Bedel ödemek gerekiyorsa, bunun bedelini her zaman ödemeye hazır olan bir milletin mensupları olduğumuzu ifade eden Koncuk, “Maliyeti çok pahalı olabilir. O maliyeti Çanakkale’de 253 bin vatan evladı ödedi. Öte yandan terör olaylarında on bin Mehmetçiğimizi, yüzlerce polisimizi, öğretmenimizi, sağlık çalışanını, din görevlisini şehit verdik” dedi.

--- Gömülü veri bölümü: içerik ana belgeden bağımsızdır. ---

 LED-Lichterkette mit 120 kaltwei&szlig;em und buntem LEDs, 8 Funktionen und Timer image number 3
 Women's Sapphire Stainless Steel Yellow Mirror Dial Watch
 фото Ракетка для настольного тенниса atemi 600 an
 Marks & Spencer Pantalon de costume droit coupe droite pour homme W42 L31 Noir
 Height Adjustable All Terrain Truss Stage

Koncuk sözlerini şöyle sürdürdü: “Selçuklu Sultanı Tuğrul Bey, boybeylerini topluyor ve onlara ‘Emir ve talimatlarıma uyacaksınız, verginizi zamanında ödeyeceksiniz, benim düşmanlarımla dost olmayacaksınız’ diyor. Boybeyleri de Tuğrul Bey’e, ‘Emir ve talimatlarınıza uyacağız, devlete olan vergimizi ödeyeceğiz, dostlarınıza dost, düşmanlarınıza düşman olacağız ama biz de sizden bir şey istiyoruz: Milletimizin düşmanlarına dost olmayacaksınız’ diyorlar. Bugün bu milletin düşmanlarına dost olanlar var ama biz bu milletin düşmanlarına dost olanlara dost gözüyle bakmadık. Bu milletin düşmanlarının çalışmalarına siyasi ikbalimizi bağlamadık.”

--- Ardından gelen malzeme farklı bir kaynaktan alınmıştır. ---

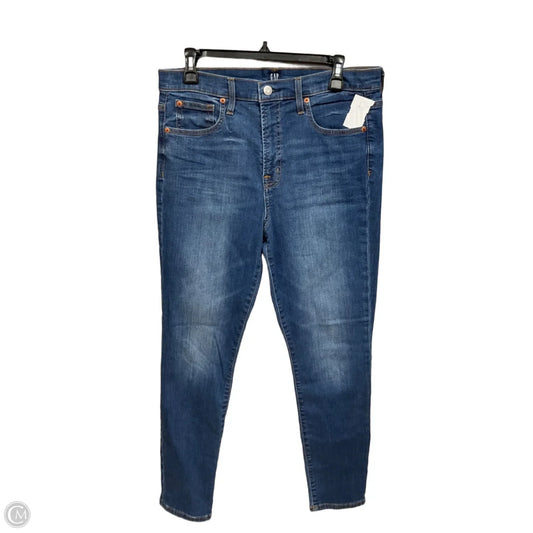 Jeans Skinny By Gap In Blue Denim, Size: 12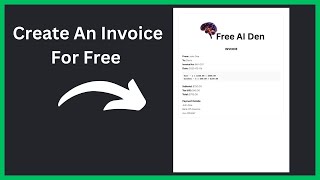 How To Create An Invoice For Free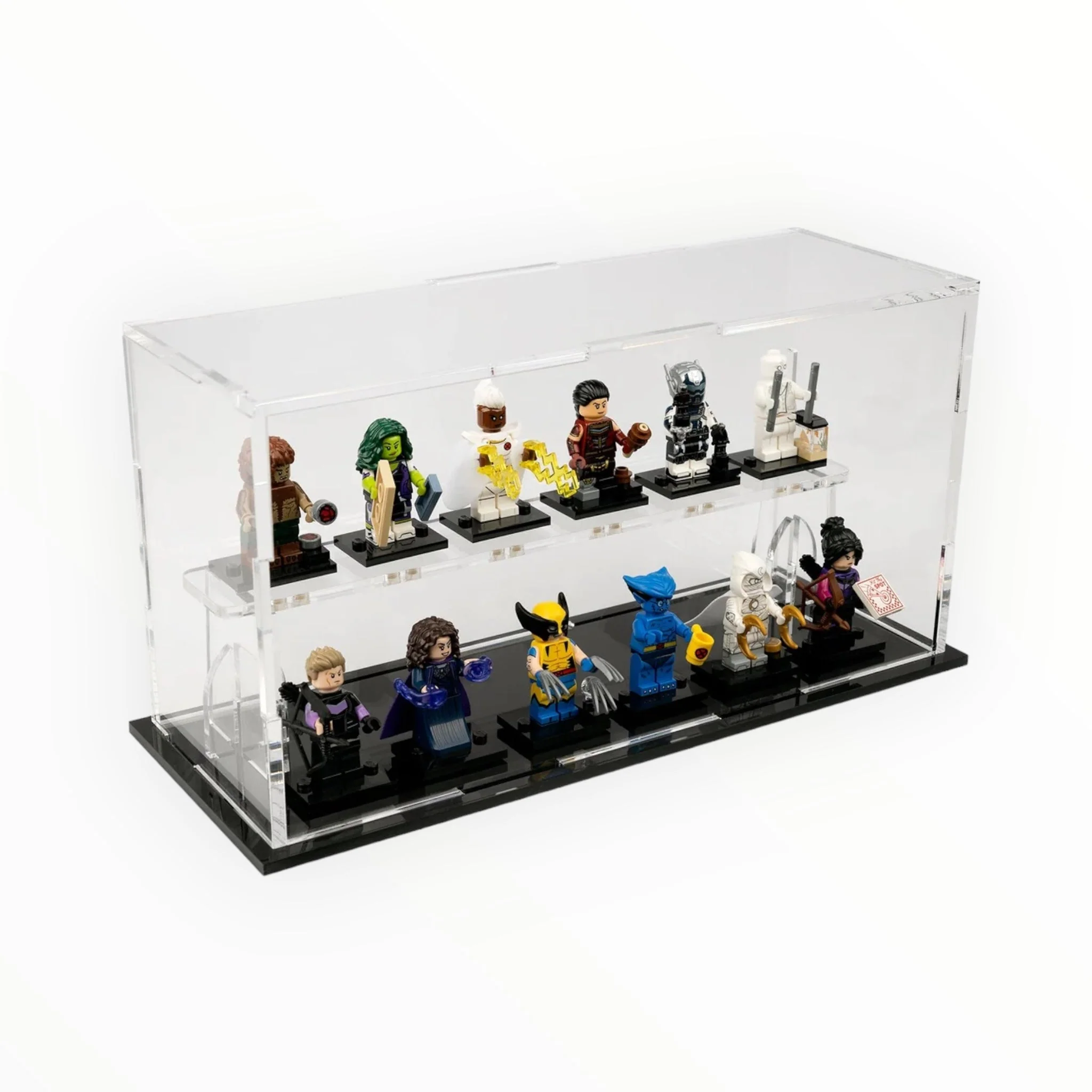 Brickshell Podium Display Case - 12 Minifigures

Türkiye Kamu-Sen’in ‘İlkemiz önce ülkemiz’ diyen insanlardan oluştuğunu kaydeden Koncuk, Türkiye’nin demokrasiden, insan haklarından, hukukun üstünlüğünden, yargı bağımsızlığından her geçen gün uzaklaştığını bildirdi. Koncuk şunları kaydetti: “Türkiye’de bu değerleri var edebilmek için 90 yıl mücadele ettik. Ulu Önder Atatürk ve silah arkadaşları, ecdadımız, bu devletin adını Türkiye Cumhuriyeti Devleti koydu. Türkiye Cumhuriyeti Devleti’nde halk iradesine dayanan bir yönetim vardır. Ama 17 Aralık tarihinden bu yana Türkiye’de insan haklarına çok uzak uygulamalar yapıldı” dedi.
17 Aralık’tan bu yana yaşananları üst üte koyduğumuzda, bu uygulamaları yapanlar 12 Eylül zihniyetine de, 28 Şubat darbeci anlayışa da vallahi de billahi de rahmet okutuyorlar.
İnsan haklarına uzak uygulamalardan birisinin MEB Yasası olduğunu söyleyen Genel Başkan Koncuk, “MEB Yasası, 73 bin okul yöneticisinin yöneticilik görevini elinden alan bir kanundur. Dünyanın hiçbir ülkesinde hiç kimsenin unvanı kanunla elinden alınmaz. Kaç milletvekili ile iktidar olursanız olun, buna hakkınız yoktur. Eğer demokratik bir anlayışa sahipseniz, böyle bir kanun çıkaramazsınız. Eliniz titrer. Ama bu kanunu çıkaranların eli titremedi. Bu hakkı size kim veriyor? Bu millet size ülkemizi demokrasi ve insan hakları doğrultusunda yönetmeniz için oy verdi; her kafanıza eseni yapın diye oy vermedi” diye konuştu.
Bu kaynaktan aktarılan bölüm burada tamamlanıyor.